- Native to: Russia
- Region: Gornaya Shoriya, Kemerovo
- Ethnicity: Shors
- Native speakers: 2,800 (2010 census)
- Language family: Turkic Common TurkicSiberian TurkicSouth SiberianYenisei TurkicShor; ; ; ; ;
- Dialects: Kondoma; Mrassu;
- Writing system: Cyrillic

Language codes
- ISO 639-3: cjs
- Glottolog: shor1247 Mrassu Shor–Tutal kond1293 Kondoma Shor
- ELP: Shor
- Shor is classified as Severely Endangered by the UNESCO Atlas of the World's Languages in Danger

= Shor language =

Siberian Turkic language

Shor (endonym: шор тили, ; тадар тили, ), or Kuznets Tatar, is a critically endangered Turkic language spoken by about 2,800 people in a region called Mountain Shoriya, in Kemerovo Oblast in Southwest Siberia, although the entire Shor population in this area is over 12,000 people. Presently, not all ethnic Shors speak Shor and the language suffered a decline from the late 1930s to the early 1980s. During this period the Shor language was neither written nor taught in schools. However, since the 1980s and 1990s there has been a Shor language revival. The language is now taught at the Novokuznetsk branch of the Kemerovo State University.

== Dialects ==
The two main dialects are Mrassu and Kondoma, named after the rivers in whose valleys they are spoken. From the point of view of classification of Turkic languages, these dialects belong to different branches of Turkic: According to the reflexes of the Proto-Turkic (PT) intervocalic -d- in modern languages (compare PT *adak, in modern Turkic languages meaning 'foot' or 'leg'), the Mrassu dialect is a -z- variety: azaq, the Kondoma dialect is a -y- variety: ayaq.
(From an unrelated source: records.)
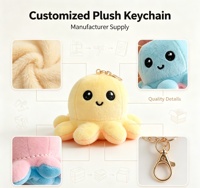 Porte-clés en peluche pieuvre réversible avec logo personnalisé, jouets en peluche émotionnels à bascule, vente en gros, prix d'usine, faible MOQ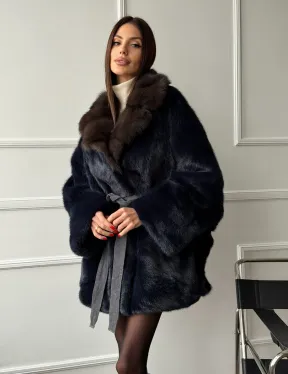 Норковый полушубок летучая мышь с воротником куницы  Dark Blue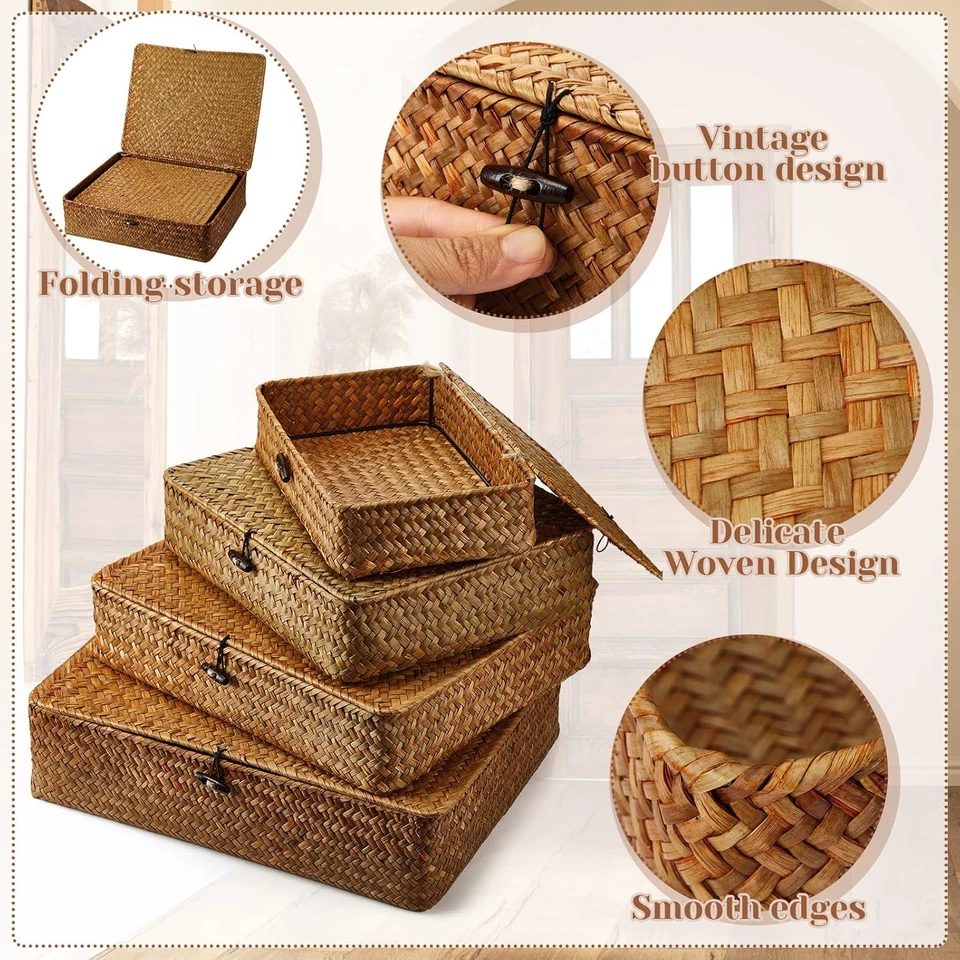 Set Di 4 Cestini in Vimini Con Coperchio, Contenitori Decorativi Con Coperchio, - Immagine 3 di 4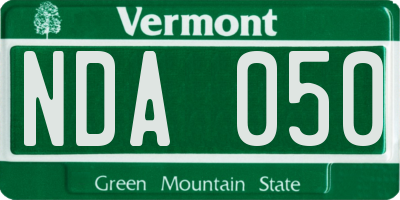 VT license plate NDA050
This feature normally distinguishes different branches of Turkic which means that the Shor language has formed from different Turkic sources. Each Shor dialect has subdialectal varieties. The Upper-Mrassu and the Upper-Kondoma varieties have developed numerous close features in the course of close contacts between their speakers in the upper reaches of the Kondoma and Mrassu rivers.

== Phonology ==

=== Vowels ===

Shor vowels
| Type | Front |  | Back |  |
| unrounded | rounded | unrounded | rounded |
| Close | i ⟨и⟩ iː ⟨ии⟩ | y ⟨ӱ⟩ yː ⟨ӱӱ⟩ | ɯ ⟨ы⟩ ɯː ⟨ыы⟩ | u ⟨у⟩ uː ⟨уу⟩ |
| Mid | e ⟨e⟩ eː ⟨ee⟩ | ø ⟨ö⟩ øː ⟨öö⟩ |  | o ⟨o⟩ oː ⟨oo⟩ |
| Open |  |  | a ⟨a⟩ aː ⟨aa⟩ |  |

=== Consonants ===

Shor consonants
| Type |  | Bilabial | Dental | Palatal | Velar |
| Nasal |  | m ⟨м⟩ | n ⟨н⟩ |  | ŋ ⟨ң⟩ |
| Plosive | voiceless | p ⟨п⟩ | t ⟨т⟩ | c ⟨к⟩ | k ⟨қ⟩ |
| voiced | b ⟨б⟩ | d ⟨д⟩ | ɟ ⟨г⟩ | ɡ ⟨ғ⟩ |
| Affricate | voiceless |  |  | t͡ʃ ⟨ч⟩ |  |
| voiced |  |  | d͡ʒ ⟨ҷ⟩ |  |
| Fricative | voiceless |  | s ⟨c⟩ | ʃ ⟨ш⟩ | x ⟨x⟩ |
| voiced |  | z ⟨з⟩ | ʒ ⟨ж⟩ |  |
| Liquid | lateral |  | l ⟨л⟩ |  |  |
| rhotic |  | r ⟨p⟩ |  |  |
| Approximant |  |  |  | j ⟨й⟩ |  |

==Writing system==

=== History ===
Before the 19th century the Shor language had remained unwritten; in the 1870s Orthodox missionaries made the first effort to create a Cyrillic Shor alphabet. In spite of all the efforts by the missionaries, the percentage of literacy among the native population increased very slowly — by the beginning of the 20th century they constituted only about 1% of the Shors.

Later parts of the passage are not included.